Supplied information |
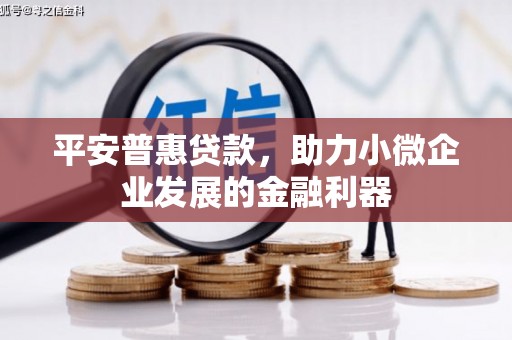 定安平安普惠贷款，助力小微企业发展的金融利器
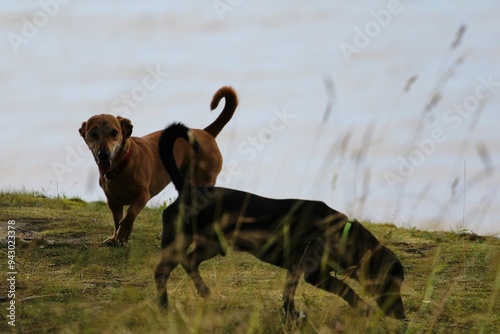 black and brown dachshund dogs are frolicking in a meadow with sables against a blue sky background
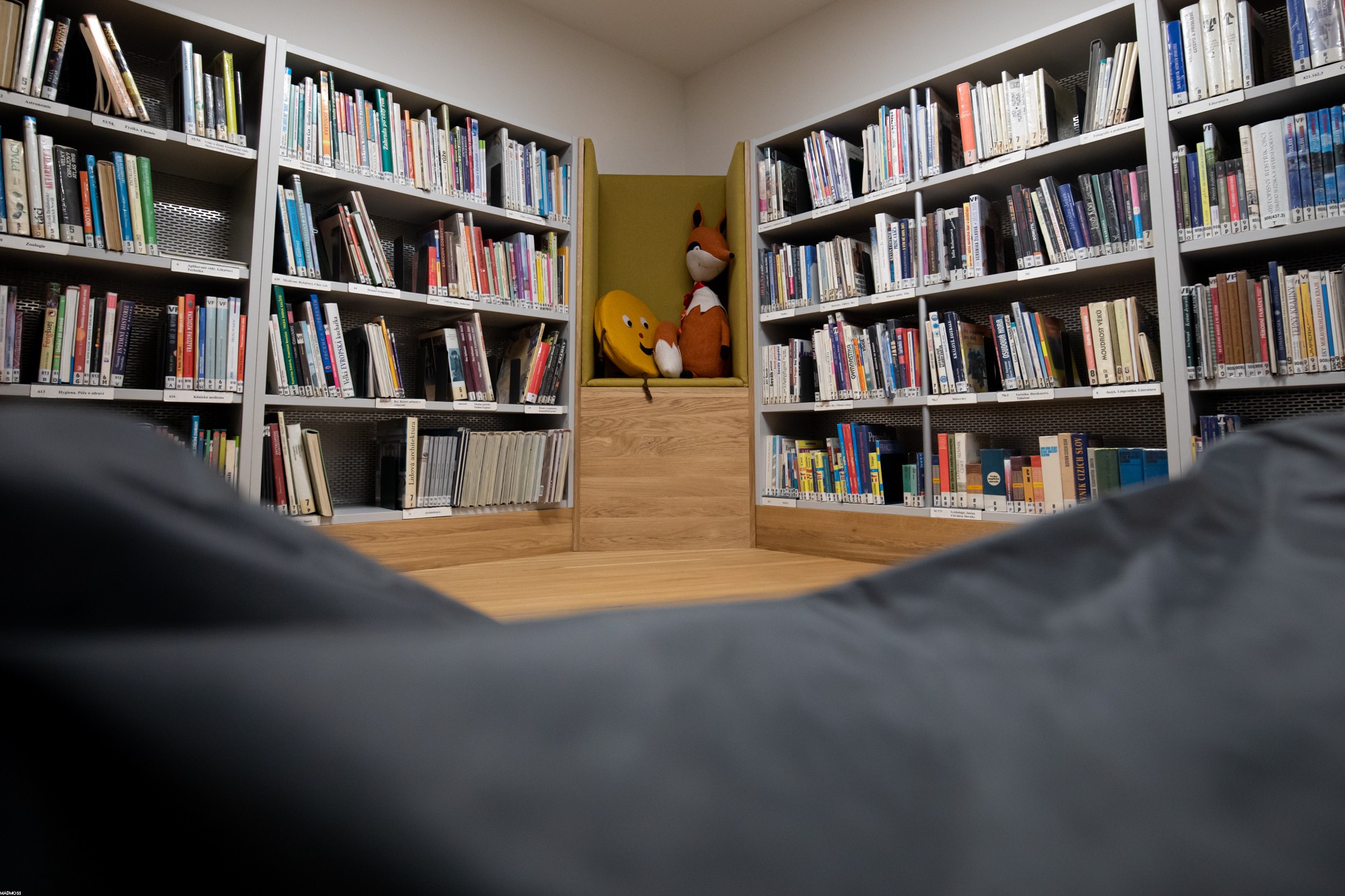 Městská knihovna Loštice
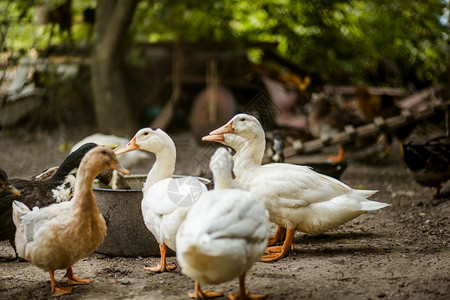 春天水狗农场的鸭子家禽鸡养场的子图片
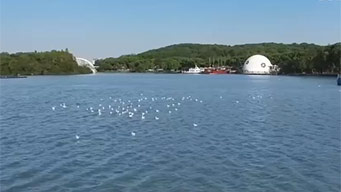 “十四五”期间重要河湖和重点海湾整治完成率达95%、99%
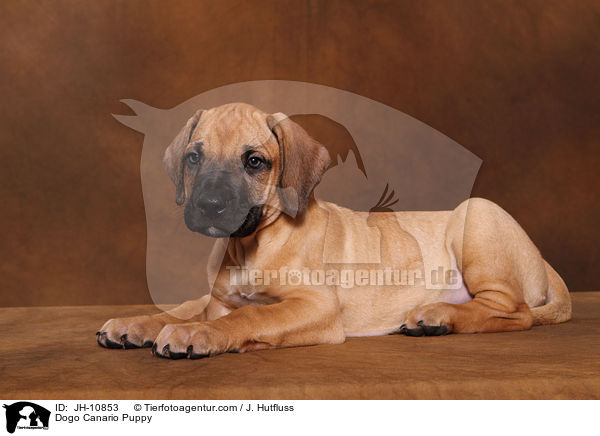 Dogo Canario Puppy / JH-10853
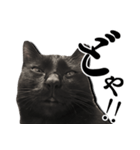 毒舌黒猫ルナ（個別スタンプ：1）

Directions for this task | Copy out every entry above, character for character, excluding pictures.

Solution to this problem |
 定安平安普惠贷款，助力小微企业发展的金融利器
 black and brown dachshund dogs are frolicking in a meadow with sables against a blue sky background
 Městská knihovna Loštice
 春天水狗农场的鸭子家禽鸡养场的子图片
 “十四五”期间重要河湖和重点海湾整治完成率达95%、99%
 Dogo Canario Puppy / JH-10853
 毒舌黒猫ルナ（個別スタンプ：1）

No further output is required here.